Dataset extract Start Marker

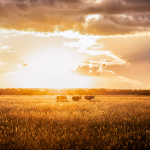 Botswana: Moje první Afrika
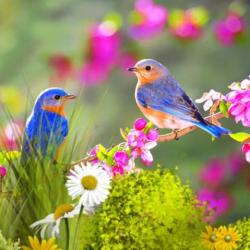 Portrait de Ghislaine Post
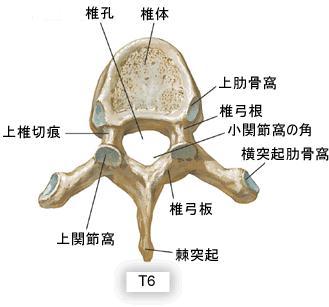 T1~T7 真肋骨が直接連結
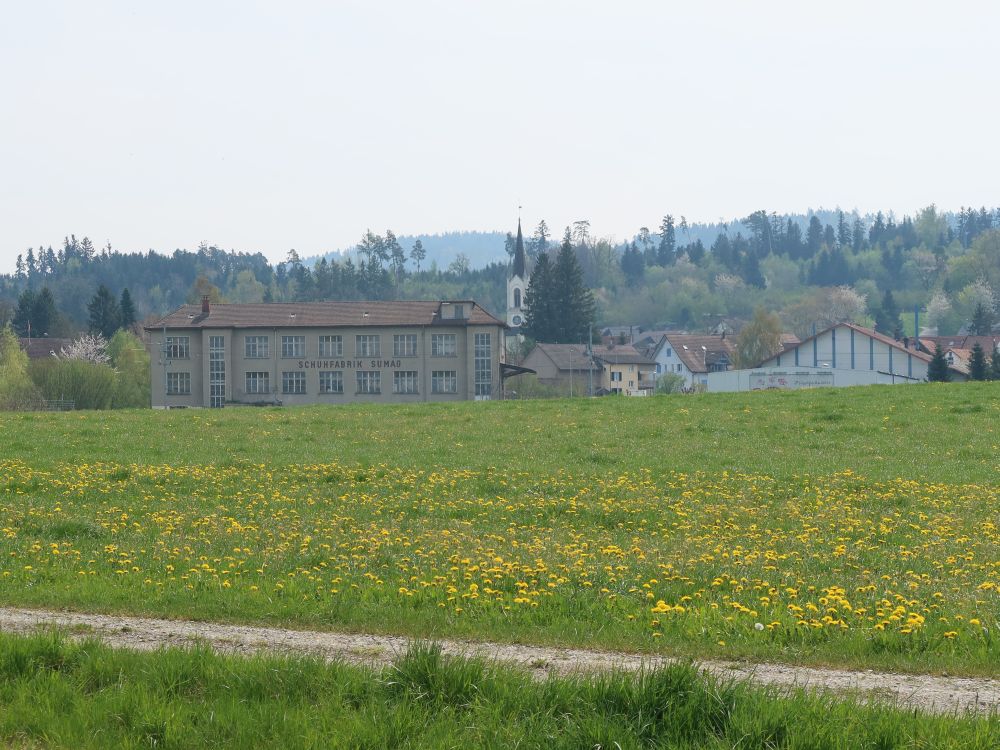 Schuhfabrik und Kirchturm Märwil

Dataset extract End Marker

▶ Exercise aim
Reproduce the whole listing above word for word, dropping each image.

▶ Result below
 Botswana: Moje první Afrika
 Portrait de Ghislaine Post
 T1~T7 真肋骨が直接連結
 Schuhfabrik und Kirchturm Märwil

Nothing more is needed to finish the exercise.